Vauhini Vara, Wall Street Journal, May 2, 2011
The numbers of Latinos are ballooning in battleground states such as New Mexico, Nevada and Colorado and remaking the U.S. political map, political consultants say, arguing that the Hispanic vote also helped defeat Senate Republican candidates Sharron Angle in Nevada and Ken Buck in Colorado.
Mr. Barajas [Hector Barajas, who led Latino outreach for Meg Whitman’s gubernatorial campaign,] said Republicans who don’t consider Latinos in crafting their campaigns may risk “political suicide.” But the party has a big challenge, Mr. Wilson said: “[Latino] folks don’t like us very much.”
One key target: Hispanic small business owners, who are the fastest growing segment of the small business sector, according to the Labor Department. “It’s a coalition that we’re going to fight for this next cycle,” said Kirsten Kukowski, a spokeswoman for the Republican National Committee.
In 2010, 60% of Latino voters supported Democrats in U.S. House races, compared with 38% supporting Republicans, according to exit-poll data reviewed by the nonpartisan Pew Hispanic Center, a research organization.
A big reason was immigration.
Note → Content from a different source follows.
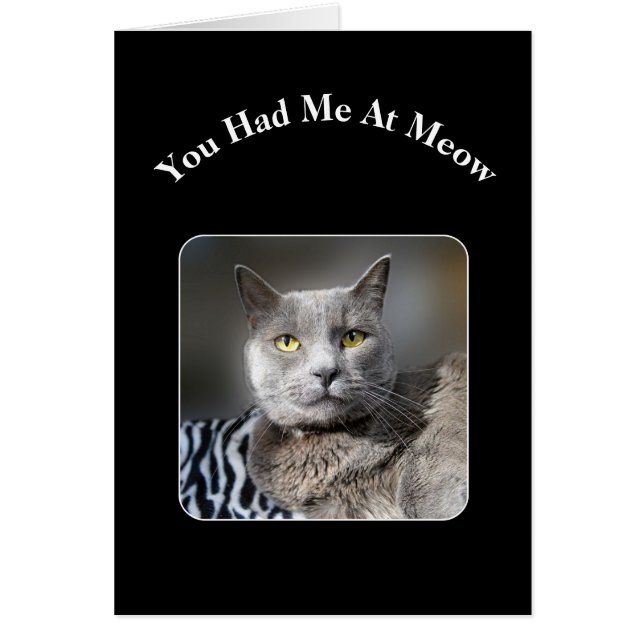 Du hattest mich in der russischen blauen Katze (Vorne)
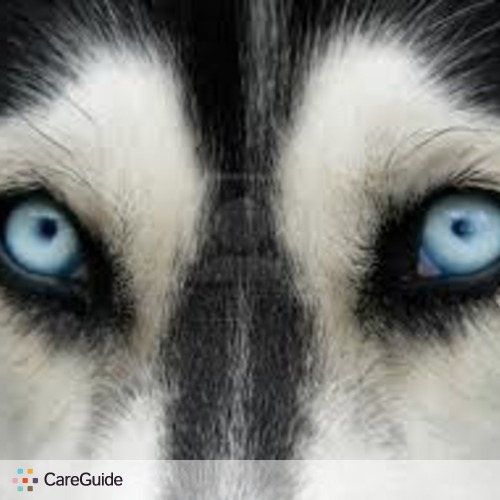 Pet Care Provider Samira M's Profile Picture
A Pew survey found that 51% of Latinos expressed more confidence in the Democratic Party’s immigration agenda than in the GOP’s. Only 19% preferred the Republican approach.
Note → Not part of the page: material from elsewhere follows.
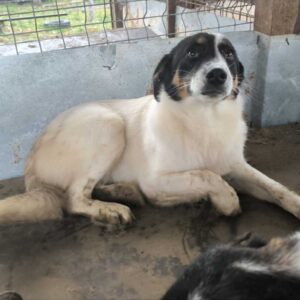 ELIZ (♀) - auf PS im PLZ Bereich 21 (SE)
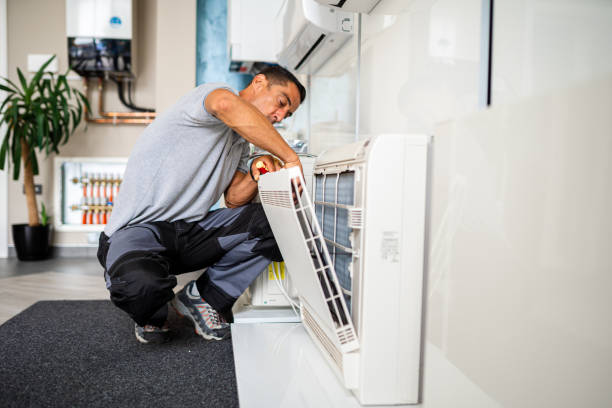 Best Local Air Duct Cleaning Services  in Perry, MI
However, the record number of deportations under the Obama administration, and his failure so far to kick-start an immigration-law overhaul, have helped lower Hispanic support for the Democratic Party, said Matt Barreto, co-founder of Latino Decisions LLC, a nonpartisan research firm in Seattle.
That has some Republicans pointing to an opening for their candidates. Mr. Barajas, now a partner at Revolvis Consulting, a political-consulting firm with offices in Washington, Sacramento and San Diego, has advised the GOP to train Spanish-speaking representatives to woo Latino voters by talking about Republican ideas for improving the economy through easing regulations and lowering taxes as well as promoting charter schools, areas where GOP views may be likelier to resonate with Latinos.
Other consultants say many Latinos have conservative views on issues such as gay marriage and abortion that may align more closely with GOP views.
Mr. Wilson, managing partner at Wilson-Miller Communications Inc. in Sacramento, said that if the topic of immigration arises, Republicans should avoid anti-immigration rhetoric meant to stir up the conservative base. “We’re on safe ground when we say, ‘We have to secure our borders and get a guest-worker program, then work on a pathway for citizenship for people who are already here’–and then quickly pivot off of that and talk about [other] issues important to Latinos,” he said.
Political observers say, though, that more immigration-friendly policies, such as giving citizenship to undocumented workers, could alienate the conservative Republican base.